ガザ「長期保有」、住民移住も=トランプ氏が戦後計画で新提案―反発必至、国際法違反の恐れ 2025年02月05日 09時36分
![4日、ホワイトハウスで共同記者会見するトランプ米大統領(右)とイスラエルのネタニヤフ首相(AFP時事)](https://equity.jiji.service-rc.com/storage/news/2025020500378/20250205at15S_p.jpg)
【ワシントン時事】トランプ米大統領は4日、イスラエルとイスラム組織ハマスの戦闘で荒廃したパレスチナ自治区ガザの戦後計画を巡り、パレスチナ住民を近隣諸国へ恒久的に移住させ、ガザを米国が長期的に「所有」する新提案を発表した。
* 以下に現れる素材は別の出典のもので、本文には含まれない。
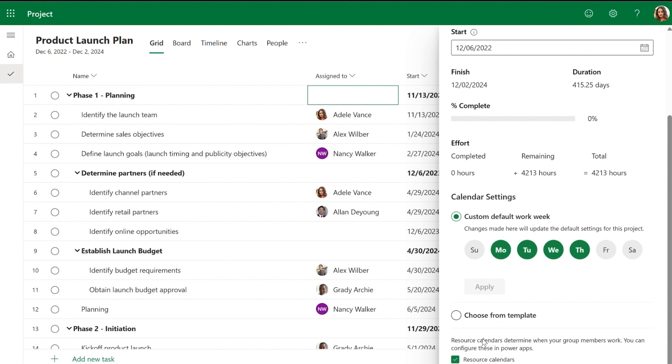If the resource calendar box is unchecked, all the tasks will follow the project's custom calendar.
ガザ住民の意向を無視する構想で、アラブ圏など中東諸国に反発が広がるのは必至だ。
トランプ氏は4日、イスラエルのネタニヤフ首相とホワイトハウスで会談。新提案は会談冒頭や会談後の共同記者会見で明らかにした。第2次政権発足後、トランプ氏が外国首脳と対面で会談したのは初めて。
トランプ氏は会談冒頭、長期に及ぶ戦闘で壊滅的な被害を受けたガザについて「人が住む場所ではない」と指摘。「恒久的な再定住」の候補地としてヨルダンやエジプトを挙げ、すべてのガザ住民が「毎日死ぬことを心配せず、素晴らしい生活を送ることができる地域」に再び居を構えられると主張した。
会談後の記者会見では「米国がガザ地区を掌握する。所有し、危険な不発弾の処理や破壊された建物の撤去、無限の雇用を生み出す経済開発に責任を負う」と表明。「この停戦が流血と殺し合いに終止符を打つ、より永続的な平和の始まりとなることを期待する」と語った。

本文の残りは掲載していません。